Por exemplo, a escolha de Johnny Depp e Benicio del Toro como, respectivamente, Duke e Gonzo foi uma chancela do jornalista, após Depp convencê-lo insistentemente de que seria o único capaz de interpretá-lo (e é verdade que as outras opções oferecidas pelo produtor não eram "das melhores", no qual listavam Jack Nicholson e Marlon Brando, Dan Aykroyd e John Belushi, e John Cusack e John Malkovich). Destacam-se também no elenco Tobey Maguire, Christina Ricci, Cameron Diaz e o baixista Flea (mas confesso que não vi ele no filme).
Só que o show fica mesmo para os dois protagonistas. Suas reações psicóticas são absurdamente reais. E é vasta a quantidade de substâncias ilícitas em seus domínios. "Temos dois pacotes de erva, 75 comprimidos de mescalina, cinco papelotes de ácido, um saleiro meio cheio de cocaína e uma vasta coleção multicolorida de uppers, downers, laughers, screamers...", diz Raoul Duke, conferindo sua inseparável maleta ao mesmo tempo em que tentava espantar os morcegos que lhe atormentavam com um mata-moscas. De fato, a maneira como a dupla interpreta os personagens, totalmente tortos e lesados e com diálogos infinitamente sem sentido, por si só já valem o filme.
Outro destaque fica para o diretor.
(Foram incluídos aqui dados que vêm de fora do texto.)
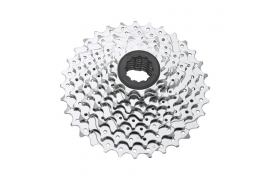 SRAM Cassette PG-950 11/28 9V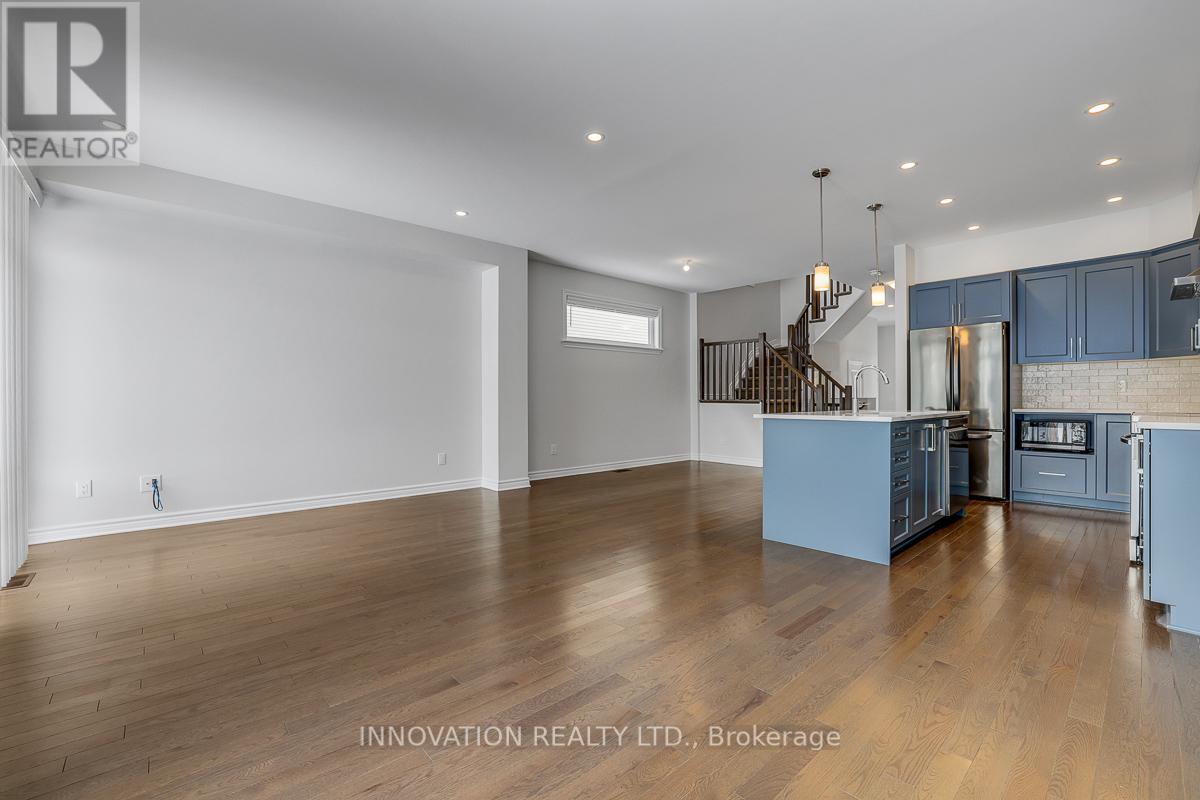 1011 Eider Street, Ottawa, Ontario  K4M 0P5 - Photo 14 - X12987060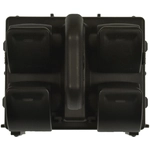 Order BLUE STREAK (HYGRADE MOTOR) - DWS2100 - Center Window Switch For Your Vehicle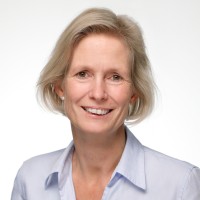 Anke Fellmann
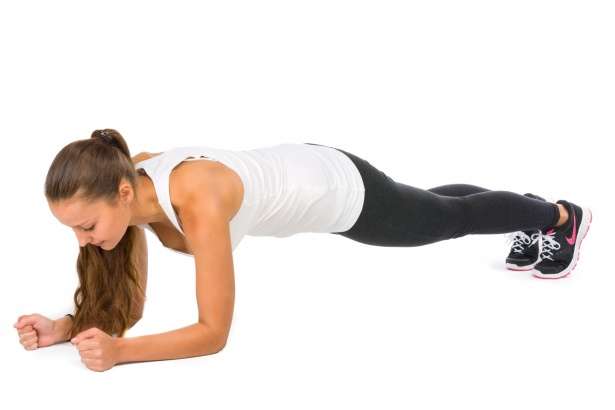 arm_plank.jpg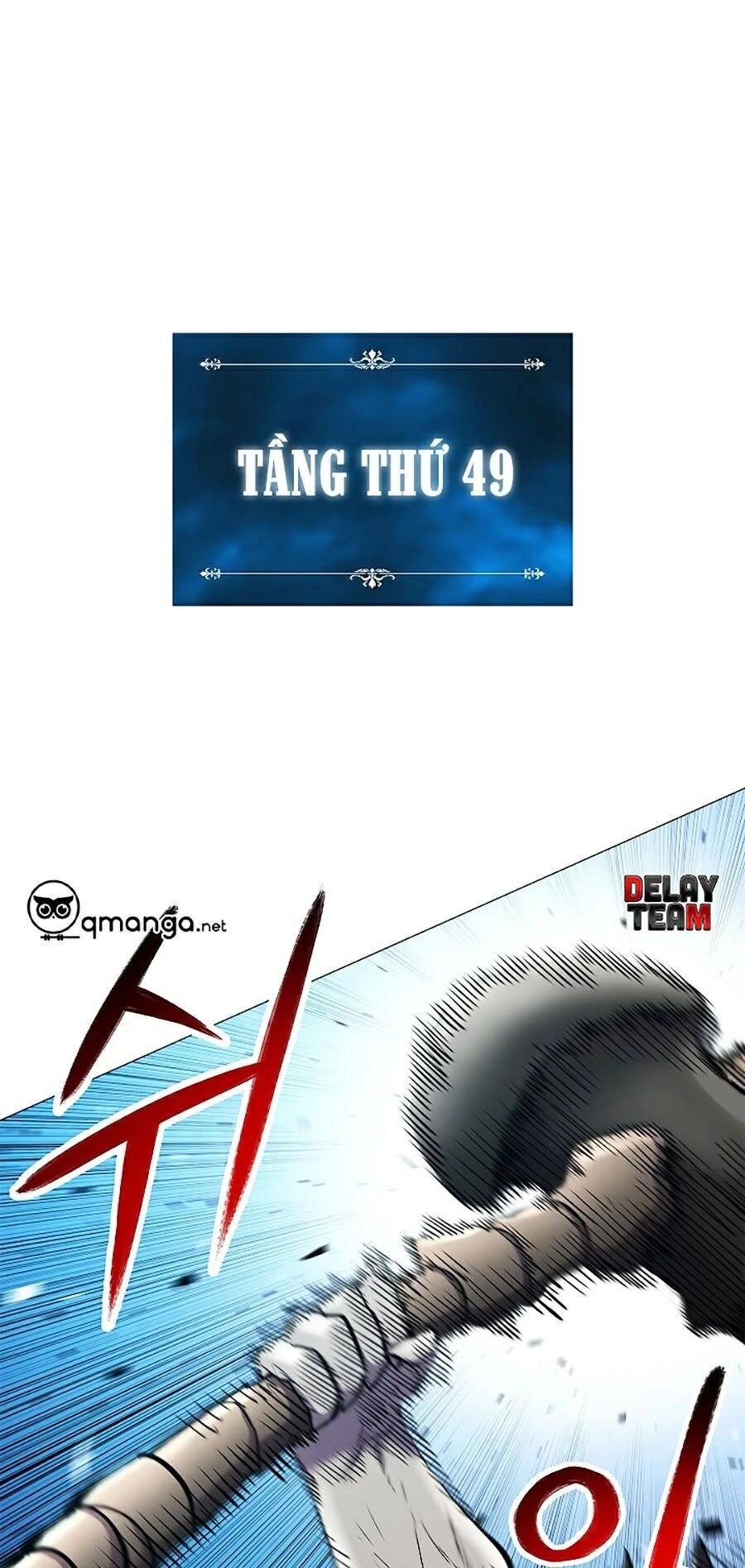 Người Nâng Cấp Chapter 29 - 22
Com seu estilo pandemônico e caótico - como nos filmes "Brazil", "Os 12 Macacos" e "Os Irmãos Grimm" -, Terry Gilliam torna as viagens psicodélicas uma estranha experiência visual, como transmutar um bar de hotel em um verdadeiro salão de orgias para répteis. Gilliam também consegue transformar luxuosos quartos de hotéis de Las Vegas em verdadeiras praças de guerra nuculear. Além disso, o diretor usa o clássico recurso da "câmera na mão", o que acaba tornando o filme mais ágil, mais babelesco e também mais ao estilo "Gonzo Journalism"*.
É uma pena que o filme não tenha tido muita projeção no Brasil. Acho que o país ainda não está preparado para tal. Inclusive muitas resenhas que li por aí simplesmente ignoraram o fato de que o longa tratava de uma das mais célebres reportagens de um dos mais célebres jornalistas que já apareceram. Sem falar que é praticamente impossível encontrar esse filme para vender, alugar ou emprestar - tanto que tive que infringir algumas regras do copyright imposta pelos estúdios de Hollywood e acabei tendo que baixá-lo pela Internet (mas, dessa vez, o crime compensou).
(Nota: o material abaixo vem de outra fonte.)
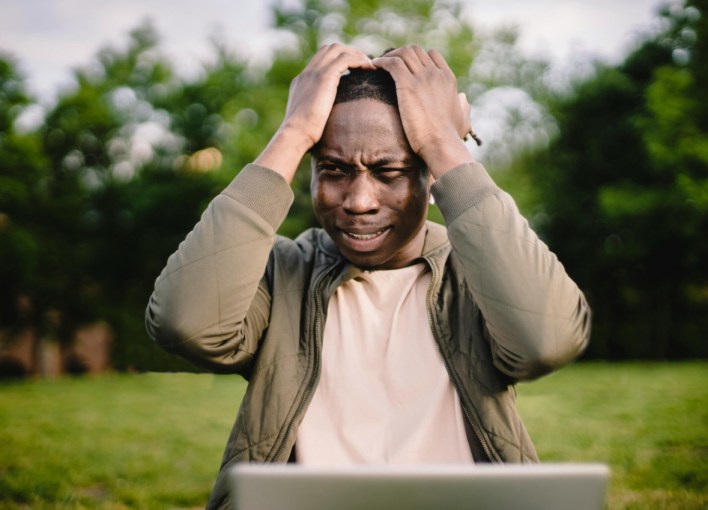 614cba29 3b76 408f 8a50 f54b10dd9c92 file.jpeg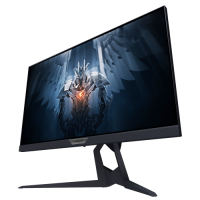 Slika Gigabyte FI25F-EK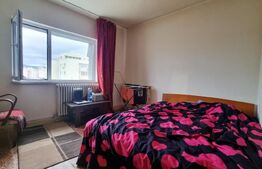 Apartament de vanzare, 3 camere, 67 mp, Manastur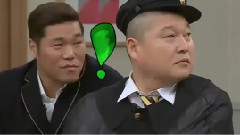 认识的哥哥59回预告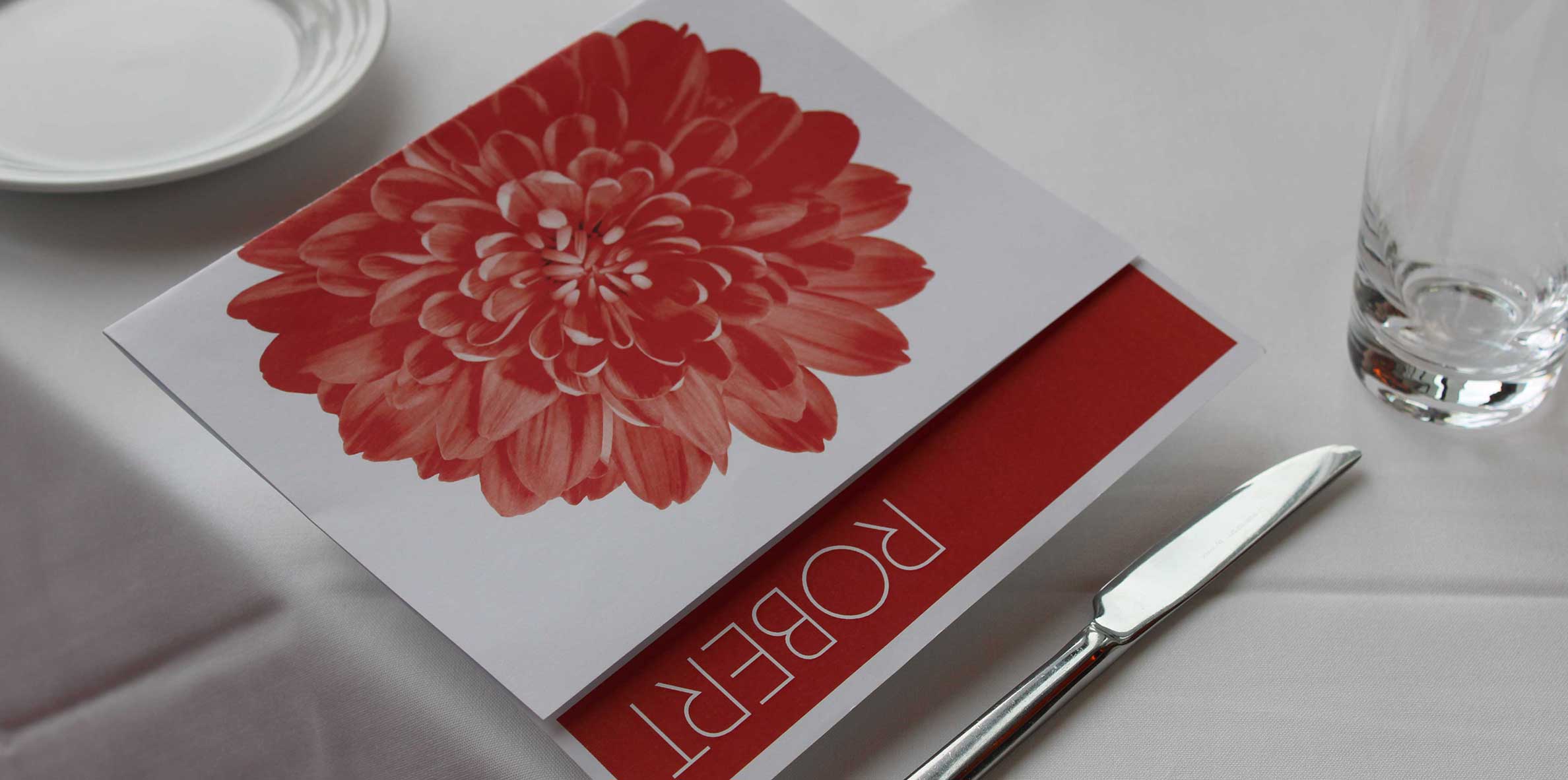 Symbolism Triptych full poster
* Só um adendo aos que não estão entendendo bosta nenhuma. De acordo com Lúcio Ribeiro, colunista da Folha, "Gonzo consiste em ser jornalista e ser escritor ao mesmo tempo em que se é uma pessoa interessante, personagem de si mesmo, que fica se metendo nos lugares e opinando e fazendo parte da história e falando exclusivamente sobre coisas que o interessam. Ou seja, muito mais legal do que esse jornalismo sem graça e distante que temos por aqui. Não se pode usar primeira pessoa em paz que já começam a confundir com egocentrismo. E pode até ser mesmo, mas quem se importa se for legal? O que importa é ser bom. O resto é supérfluo". Sábias palavras.